The designer treats her creations more like sculptures that just happen to hold lip gloss and an iPhone, and they have caught the eye of stylists who see the benefit of a metallic statement bag that won’t compete with a dress, jewelry or the star for that matter.
Savage’s red-carpet hits include:
Beyoncé holding a gold rectangle clutch to Rihanna’s Diamond Ball in 2017.
Diane Kruger with a white engraved box clutch to 2017 UNICEF Gala dinner.
Janelle Monáe carrying a printed box clutch to the Los Angeles movie premiere of “Annihilation” this month.
Beladora, the Beverly Hills-based online estate jewelry firm, was established in 2007. Created by Russell Fogarty, a former vice president of Christie’s Auction House, Beladora authenticates each piece that comes through the Rodeo Drive office and has gained a reputation as a trusted source for buying and selling with Los Angeles elite.
Why Beladora matters: The brand, which carries fine jewelry from major brands, including Cartier, Tiffany & Co., Van Cleef & Arpels, David Webb and Bulgari, has become a go-to source for stylists and industry insiders who often need everything from a hard-to-find singular spectacular piece to trays of jewelry options, usually at the last minute.
Beladora sells jewelry online at www.beladora.com but accommodates stylist and celebrity pulls for red-carpet events around the globe.
Beladora’s red-carpet hits include:
Jennifer Lawrence wearing diamond flower drop earrings at the Washington premiere of “Red Sparrow” this month.
Rihanna wearing vintage Cartier earrings and a ring at the 2018 Grammys.
Angelina Jolie wearing a mid-20th-century diamond brooch to the 2017 Los Angeles premiere of “The Bread Winner.”

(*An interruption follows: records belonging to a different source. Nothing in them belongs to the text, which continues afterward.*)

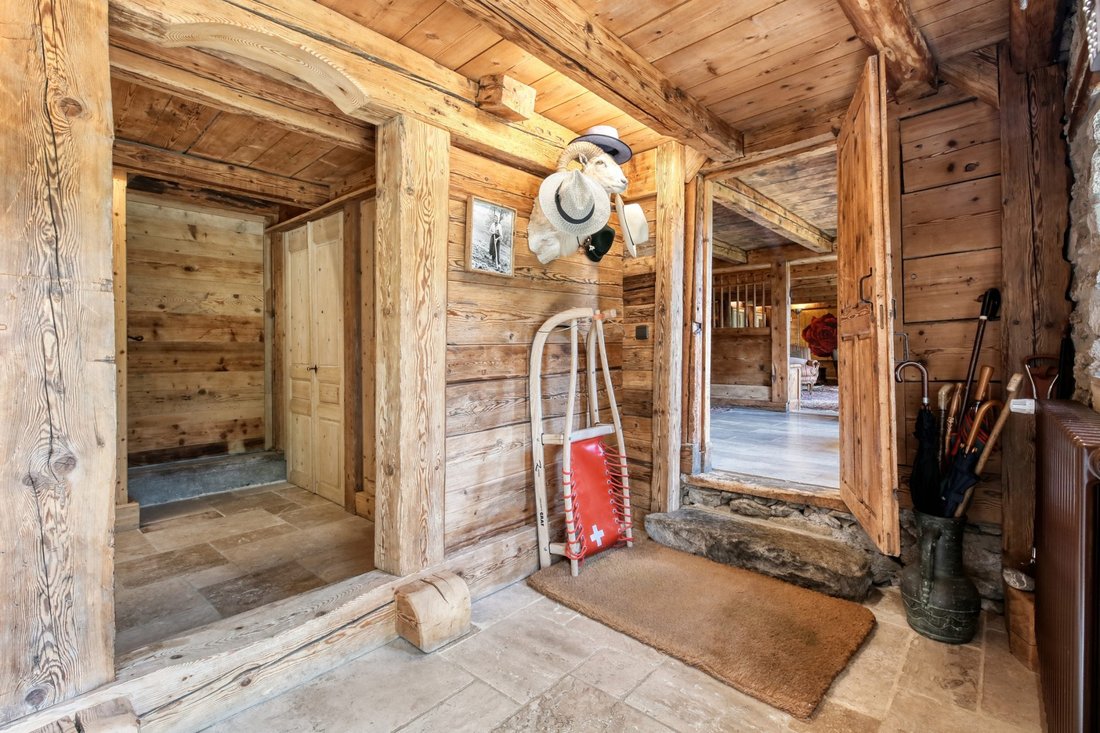Chalet in Demi-Quartier, Auvergne-Rhône-Alpes, France 5 - 14668947
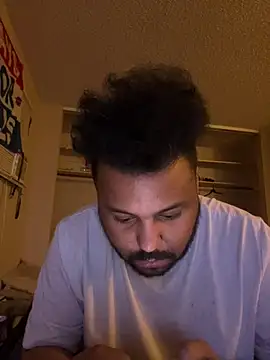 Show Webcam de off_blackolive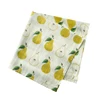 New Colors Baby Blanket Baby Soothing Towel Soft Bath Towel For Newborns Multi-use Baby Bib Burp Cloth Kid Scarf Handkerchief 3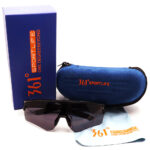 عینک آفتابی اسپرت برند 361 کد 2144Y117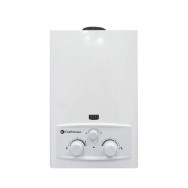 CHAUFFE EAU A GAZ...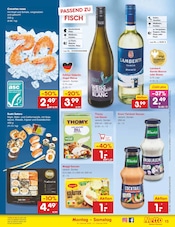 Garnelen im Netto Marken-Discount Prospekt in Arnsberg Aktueller Netto Marken-Discount Prospekt mit Garnelen, "Aktuelle Angebote", Seite 17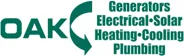 Oak Electric Service logo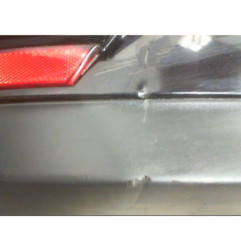 Pare choc arriere SEAT IBIZA 4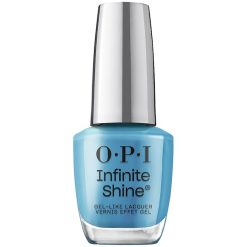 Lac de unghii cu efect de gel Infinite Shine - Never Leavin' Blue - 15 ml-FEMEI-GENTI SI ACCESORII/Produse cosmetice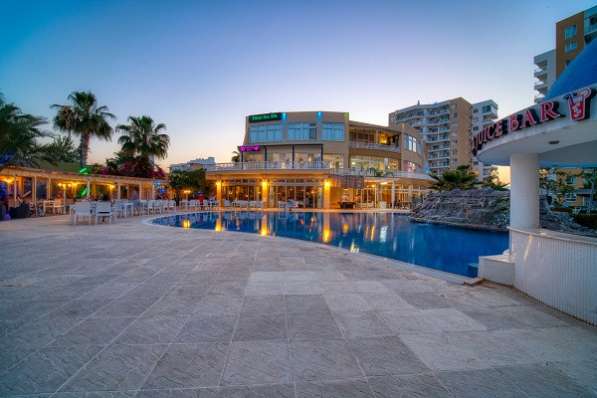 Недвижимость по доступным ценам на Северном Кипре. Пекин в фото 6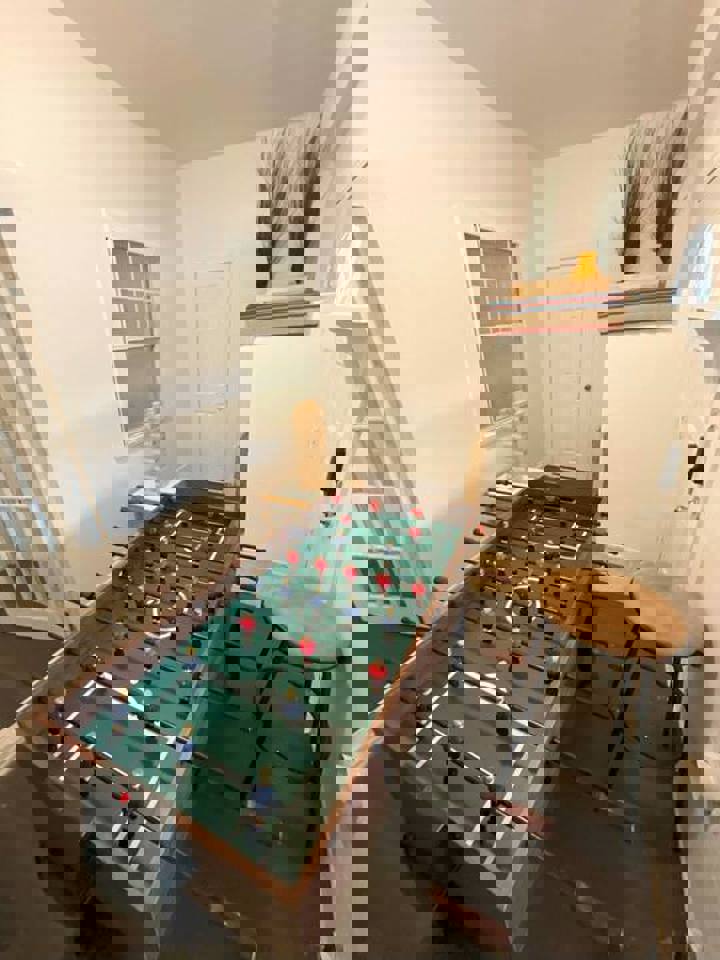 Rental unit in Dallas, US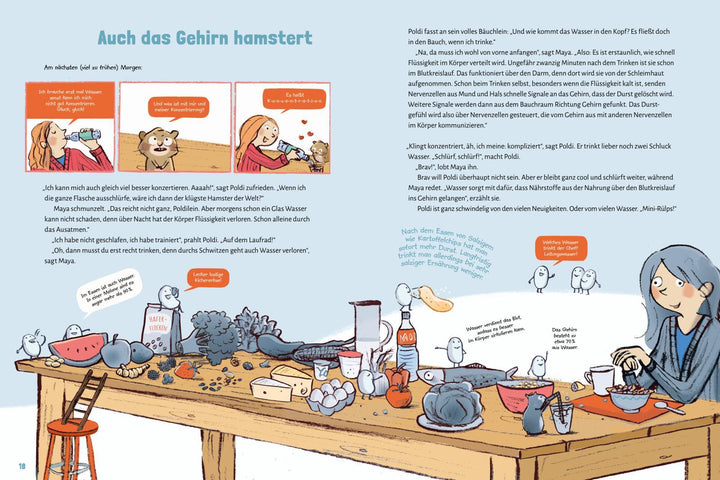 Was ist ein Mensch? | Göhlich, Susanne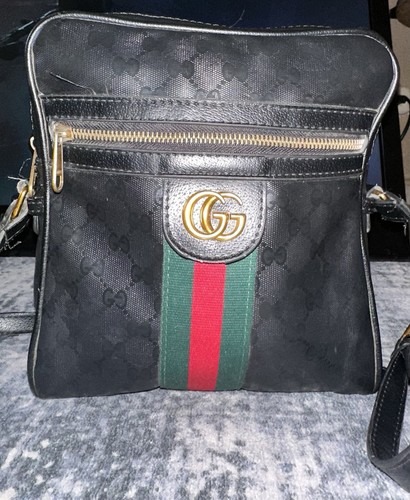 Gucci supreme borsa - gucci,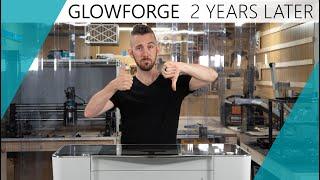 Glowforge Review: 2 Years Later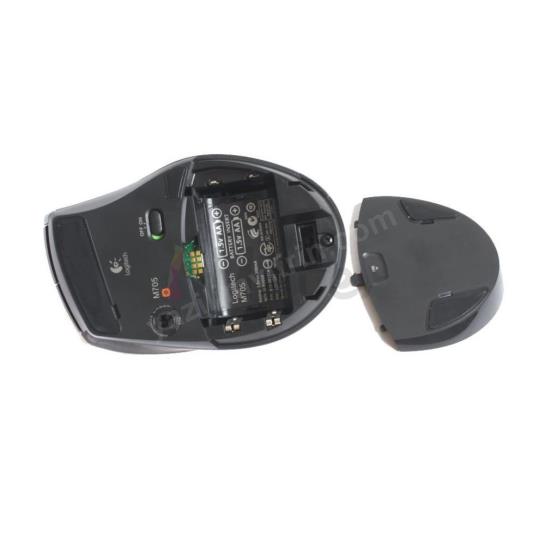 LOGITECH M705 MARATHON MOUSE KABLOSUZ 910-001949 Res2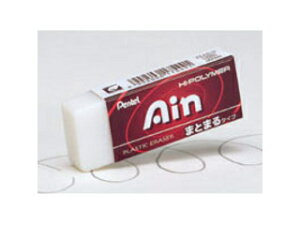 Pentel/؂Ă Ain AC S ܂Ƃ܂^Cv 10 ZEAS10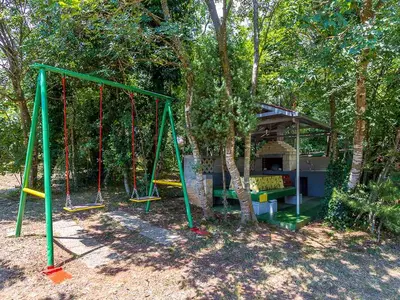Ferienhaus für 9 Personen (163 m²) in Vinkuran 8/10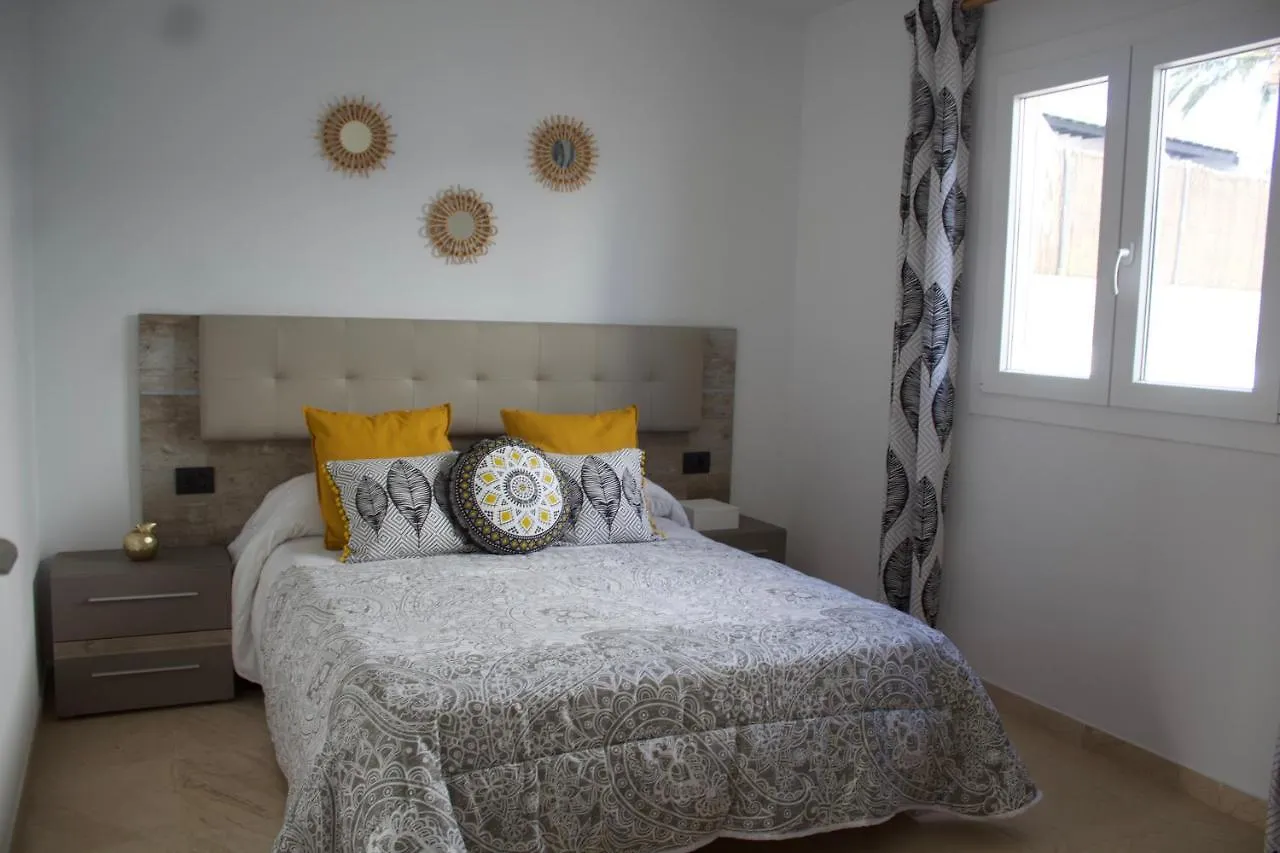 Tías Apartamento Nina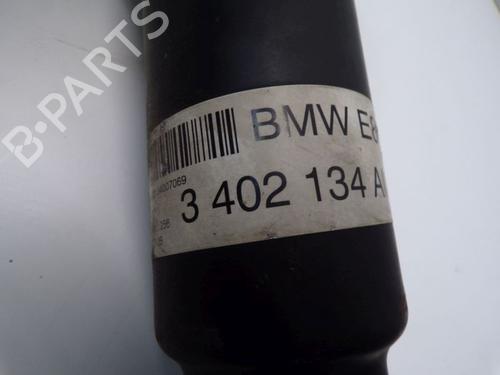 Driveshaft BMW X3 (E83) 3.0 i xDrive | BP24409316M37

The Greek designer comes from a family of jewelry designers. In 2006, he launched his own brand.
Last year, Koulis won the International Jewelry Designer Award at the VicenzaOro exhibition in Italy, and has landed on the radar of several prominent stylists who have consistently been placing the jewelry on their clients.
Why Koulis matters: When it comes to jewelry, it’s oftentimes the largest or flashiest pieces that pull the most attention. Koulis has managed to cut through the long list of red-carpet-worthy jewelry brands with distinct designs, sharp angles, a bold use of black enamel and, yes, plenty of dazzling diamonds, emeralds, sapphires and rubies.
Koulis’ red-carpet hits include:
Oprah Winfrey wearing diamond, emerald and enamel earrings to the 2017 Emmys Awards.
Saoirse Ronan wearing a white diamond lariat at this year’s Directors Guild Awards.
Greta Gerwig wearing an emerald, diamond and enamel necklace and ring to this year’s Producers Guild Awards.